Monitoring and telemetry
We setup specific monitoring dashboards to give a quick overview of service health that monitor important parameters, such as CPU consumption, thread count, garbage collection (GC) rate, rate of incoming messages, unprocessed messages, lock contention rate, and connected clients.
GC rate
We have finetuned the options to control the rate of Gen2 GC happening in a cloud service as per the needs of the web and worker instances to ensure minimal latency impact of GC during customer operations.
Node partitioning
Users need to be partitioned across multiple nodes to distribute the ownership responsibility using a consistent hashing mechanism. This master ownership helps in ensuring that only required user's information is stored in the in-memory cache on a particular node.
Active passive user
In large group messaging operations, there are always users who are actively using the app while a lot of users are not active. Our idea is to prioritize message delivery for active users so that the last bucket active user received the message fast.
Serialization optimization
Default JSON serialization is costly when the input output operations are very frequent and burn precious CPU cycles. ProtoBuf offers a fast binary serialization protocol that was leveraged to optimize the operations for large data structures.
Scaling compute
We re-evaluated our compute usage in our internal multiple test and scale environments and judiciously reduced the compute node SKU to optimize as per the needs and optimize cost of goods sold (COGS). While most of our traffic in an Azure region is during the day time, there is minimal load at the night where we leverage to do heavy tasks, such as redundant data cleanup, cache cleanups, GC, database re-indexing, and compliance jobs.
Scaling storage
With increasing scale, the load of receipts became huge on the backend service and was consuming a lot of storage. While critical operations required highly consistent data, the requirement is less for non-critical operations. We moved the receipt to highly available No-SQL storage, which costs a tenth of the SQL storage.

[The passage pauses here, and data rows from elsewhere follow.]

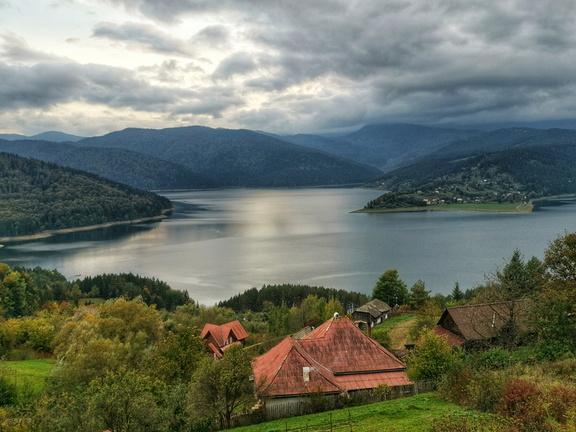 IMG 20201011 180719 edited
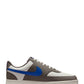 buy-nike-nike-court-vision-low_8ec
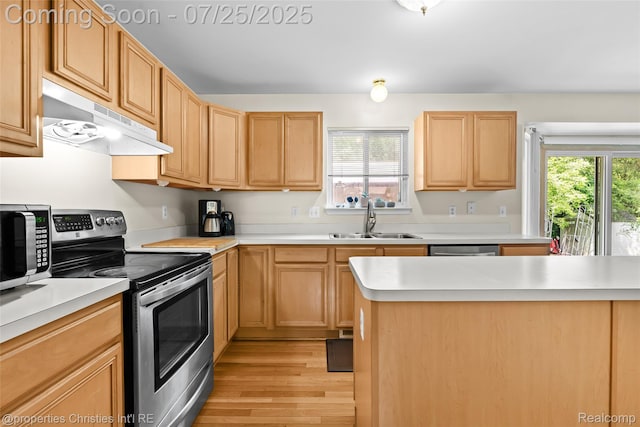 47242 Marina Dr, Van Buren, MI 48111 - photo 8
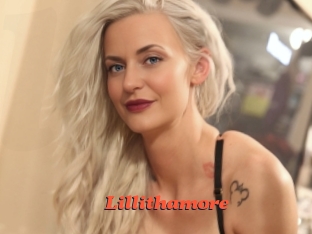 Lillithamore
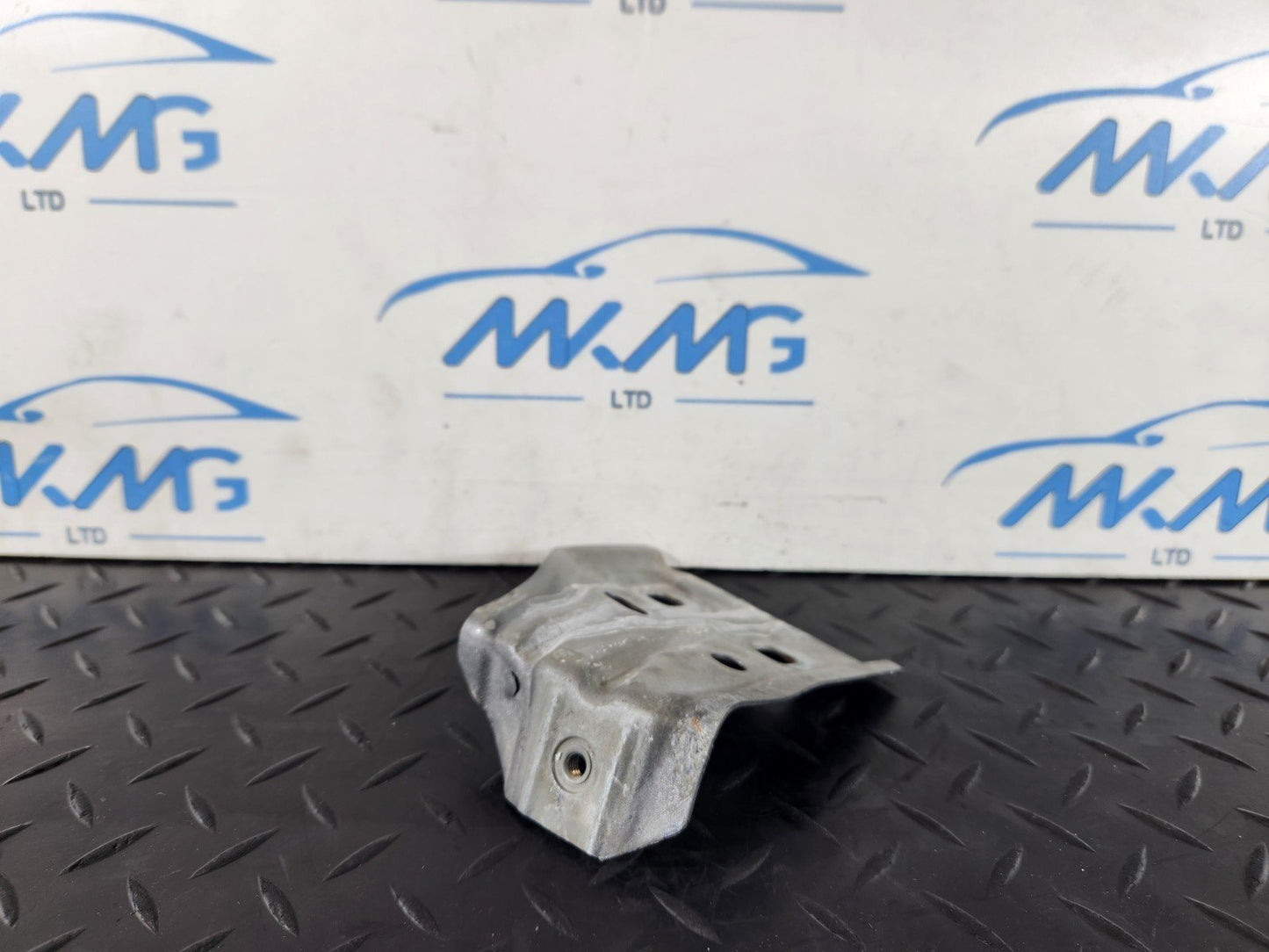 Mercedes-Benz Unknown Part Type A2478801100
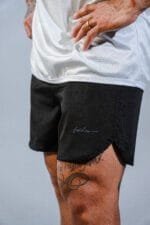 Kit 4 Short Surpresa Field Co. - Imagem 35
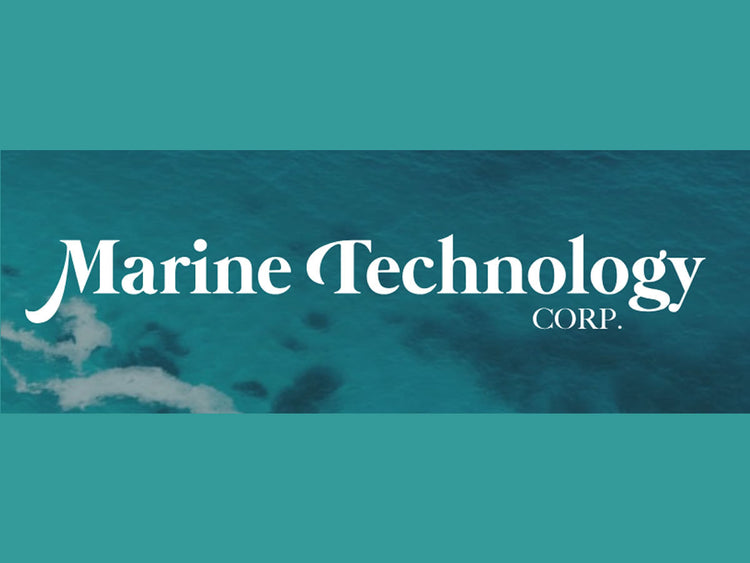 Marine Technologies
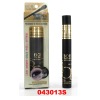 Wholesale Mascara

Queries for background operations were spread out lazily to reduce the overall peak load on SQL storage. Certain non-critical Operations were moved from being strongly consistent to eventual consistency model to flatten the peak storage load, thus creating more capacity for additional users.
Our future plans
As the COVID-19 situation continues to be grave, we are expecting an accelerated pace of Kaizala adoption from multiple customers. To keep up with the increase in messaging load and high customer usage, we are working on new enhancements and optimizations to ensure that we remain ahead of the curve including:
- Developing alternative messaging flows where users actively using the app can directly pull group messages even if the backend system is overloaded. Message delivery is prioritized for active users over passive users.
- Aggressively working on distributed in-memory caching of data entities to enable fast user response and alternative designs to keep cache in sync while minimizing stale data.
- Moving to container-based deployment model from the current virtual machine (VM)-based model to bring more agility and reduce operational cost.
- Exploring alternative storage mechanism which scale well with massive write operations for large consumer groups supporting batched data flush in a single connection.
- Actively exploring ideas around active-active service configuration to minimize downtime due to data center outages and minimize Recovery Time Objective (RTO) and Recovery Point Objective (RPO).
- Exploring ideas around moving some of the non-core functionalities to passive scale units to utilize the standby compute/storage resources there.
- Evaluating the dynamic scaling abilities of Azure Cloud services where we can automatically reduce the number of compute nodes during nighttime hours where our user load is less than fifth of the peak load.